PGA Tour players who've been MIA are crushing it at the Arnold Palmer

Mar 6, 2026; Orlando, Florida, USA;   Daniel Berger plays his shot from the eighth tee during the second round of the Arnold Palmer Invitational golf tournament. Mandatory Credit: Reinhold Matay-Imagn Images
Mar 6, 2026; Orlando, Florida, USA; Daniel Berger plays his shot from the eighth tee during the second round of the Arnold Palmer Invitational golf tournament. Mandatory Credit: Reinhold Matay-Imagn Images | Reinhold Matay-Imagn Images


It’s tough to get an injury when you’re a PGA Tour player.  While you heal, or hopefully heal, the rest of the golf establishment keeps going. Passes you by. Perhaps stepping on you gently with SoftSpikes as they reach higher while you’re mired in limbo.

Last year’s poster child for injury and subsequent return was Scottie Scheffler, who was unmercifully attacked by a wine glass he and his wife were using to cut out ravioli bits. It was a holiday, and he didn’t want to trust his hand to just anybody.  So, they stopped the bleeding and cooking and started making calls, finally locating a doctor they trusted and getting Scheffler to him.

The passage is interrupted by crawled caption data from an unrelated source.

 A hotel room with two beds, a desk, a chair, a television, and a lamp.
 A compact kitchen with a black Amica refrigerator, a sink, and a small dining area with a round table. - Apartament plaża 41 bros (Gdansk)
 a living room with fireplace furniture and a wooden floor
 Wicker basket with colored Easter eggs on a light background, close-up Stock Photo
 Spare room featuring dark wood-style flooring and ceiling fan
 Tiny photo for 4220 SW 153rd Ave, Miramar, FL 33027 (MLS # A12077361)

It took him more than a month to heal. There were stitches. There was swelling. The whole package of what you don’t want to happen to your hand if you play golf. The cooking “incident” occurred in December, near Christmas, and his first start back was the very last day of January. He was lucky to be back that soon.

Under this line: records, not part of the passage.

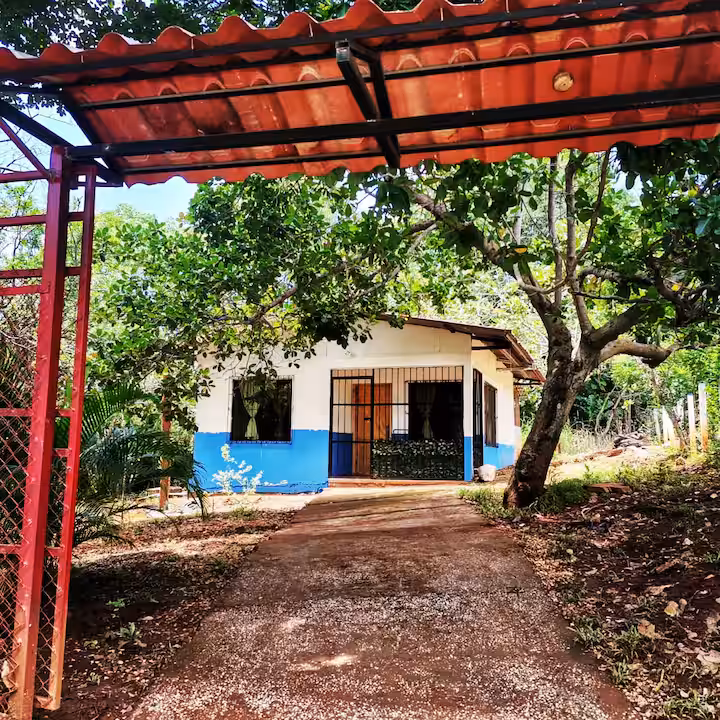 Fachada blanca y azul de la casita bajo un techo rojo, rodeada de árboles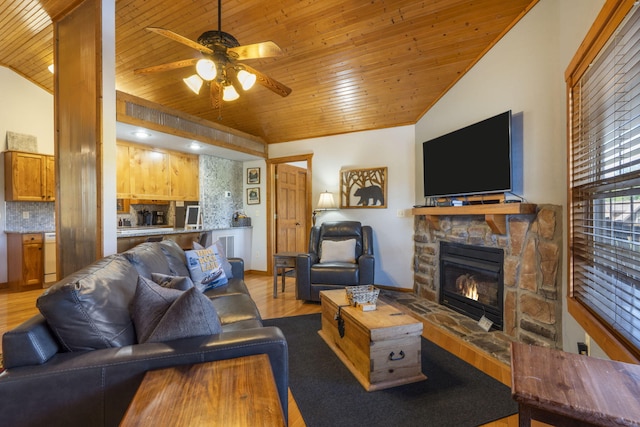 76 Bells Ave Unit 98, Branson West, MO 65737 - living room featuring wood ceiling, ceiling fan, a stone fireplace, and wood finished floors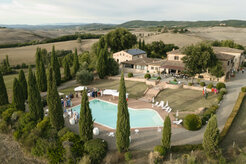 Aerial view of a wedding venue with cypress trees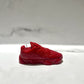 The Y500 – Red Sneaker Candle – Small (On Backorder), hand poured from natural wax, is displayed on a white surface against a blurred marble-patterned background.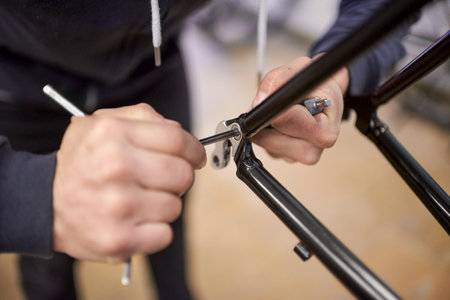 Unrecognizable man assembling a bicycle he is servicing in his bike shop. Real people at work. Close...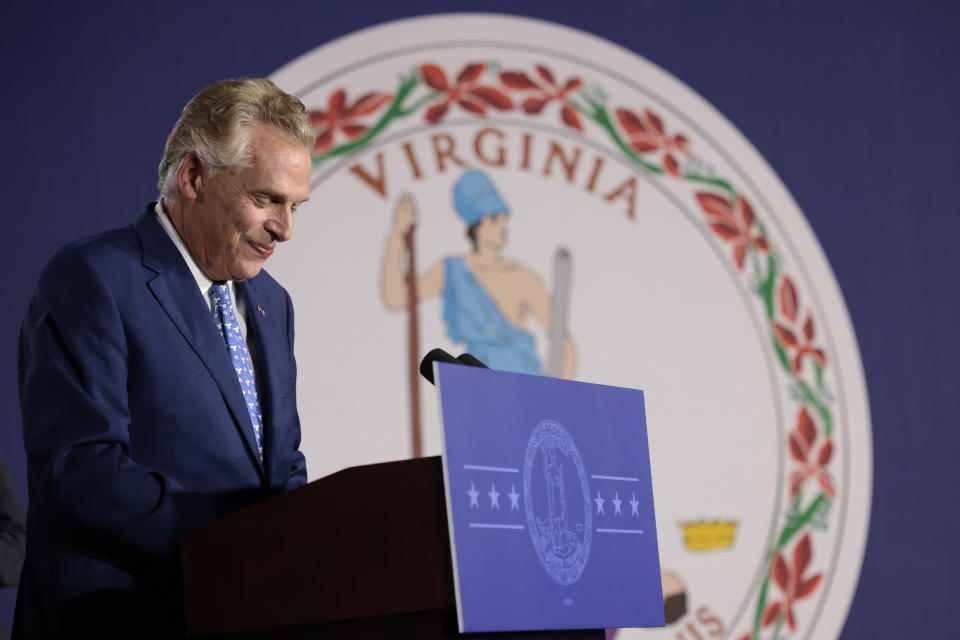 Terry McAuliffe, the Democratic gubernatorial candidate, speaks at a podium in front of the state shield.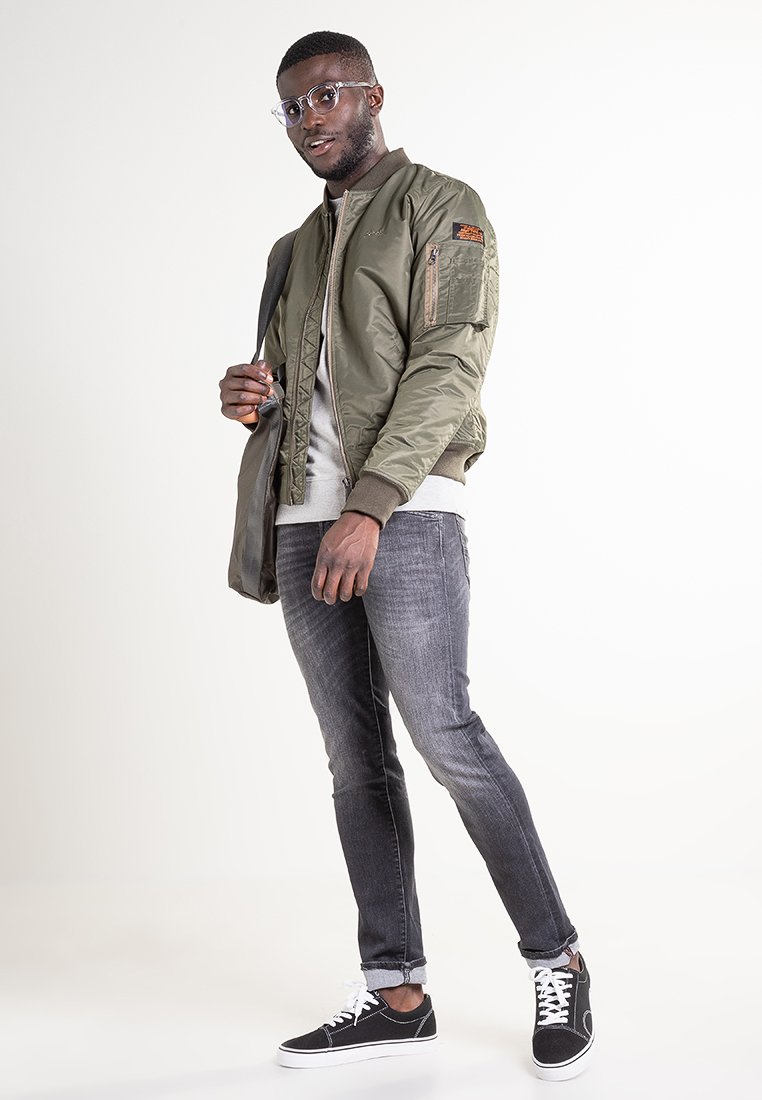 Veste bomber vert olive avec des poignets côtelés, sweat gris, jean slim gris, et baskets noires. Lunettes noires et sac à bandoulière inclus.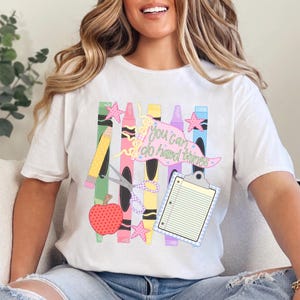 May include: A white short-sleeve t-shirt featuring a colorful graphic of school supplies including crayons, a pencil, scissors, an apple, and a clipboard. The design includes a pink banner with the text "you can do hard things" in green.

However, Scheffler didn’t find the winner’s circle again until May, unusual for someone of his talent. His probable reason: he couldn’t practice as much. Finally, he was victorious at his hometown event, the CJ Cup Byron Nelson.

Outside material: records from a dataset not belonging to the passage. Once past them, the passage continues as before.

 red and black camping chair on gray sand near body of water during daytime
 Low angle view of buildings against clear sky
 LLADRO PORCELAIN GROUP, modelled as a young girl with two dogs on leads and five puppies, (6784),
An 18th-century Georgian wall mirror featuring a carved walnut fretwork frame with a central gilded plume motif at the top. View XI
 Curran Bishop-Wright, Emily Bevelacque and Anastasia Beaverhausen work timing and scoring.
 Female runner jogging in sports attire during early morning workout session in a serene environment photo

Then he exploded, winning the PGA Championship, the Memorial, the British Open, the BMW, and Procore. He looked exhausted at that point, but still had a Ryder Cup in front of him.

This year, he’s back to some kind of form, with a victory already at the American Express, but nothing since then. However, he’s stopped playing bad first rounds, which was a new trend that he developed after the Amex. Nobody needs bad first rounds.

Xander Schauffele had perhaps the strangest injury. After winning two majors, the PGA and the British Open, he gave himself an intercostal strain and a small rib cartilage tear. (I asked him to point to where it was so we could all understand.) The pain point was up and under his rib cage, it seemed. 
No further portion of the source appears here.